La prévision de trésorerie

Ces informations permettent de constituer le compte de résultat. Le bilan est ensuite calculé automatiquement à partir d’hypothèses financières (délais moyen de paiement, taux de TVA, etc). La prévision ne serait pas complète sans une estimation du niveau de trésorerie prévisionnel.

Ici, il ne s’agit pas simplement de prendre en compte l’encaissement des factures en cours, mais bien d’estimer la trésorerie à plus long terme avec la prise en compte du résultat prévisionnel complet et du bilan. Grâce à un modèle de prévision complet il est possible de faire varier les différents paramètres tels que le niveau des emprunts, les jours de crédit client ou la distribution des dividendes.

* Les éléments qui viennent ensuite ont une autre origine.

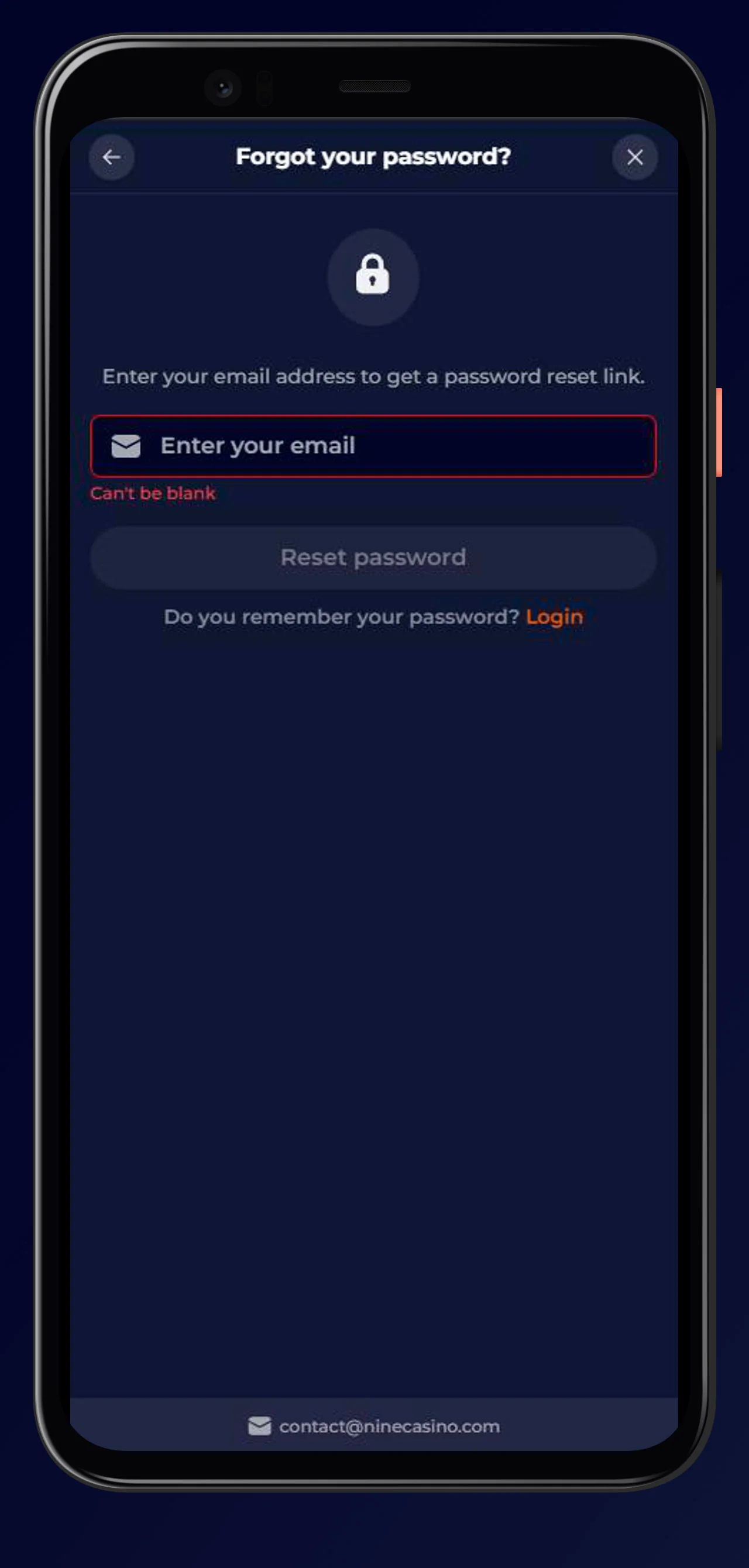 reset password in app ninecasino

On répondra par exemple aux questions suivantes :

  • Comment couvrir les décaissements courants compte tenu des délais de paiement ?
  • Quelles sont les meilleures solution de financement pour développer l’activité ou financer les travaux en cours ?
  • Quelle est la part du chiffre d’affaires qui devrait être encaissée ?
  • Quel est l’impact sur mon résultat et sur ma trésorerie des augmentations de salaire, de la perte d’un client ou de changements dans la réglementation et la fiscalité ?

Mesurer la performance de l’entreprise

L’évaluation de la performance de l’entreprise est réalisée via les indicateurs de performance. Ils sont propres à chaque métier et doivent être comparés avec une référence fiable pour leur donner du sens. Cette référence peut être le même indicateur les années passées, au budget ou bien une référence connue sur le marché (« benchmark »).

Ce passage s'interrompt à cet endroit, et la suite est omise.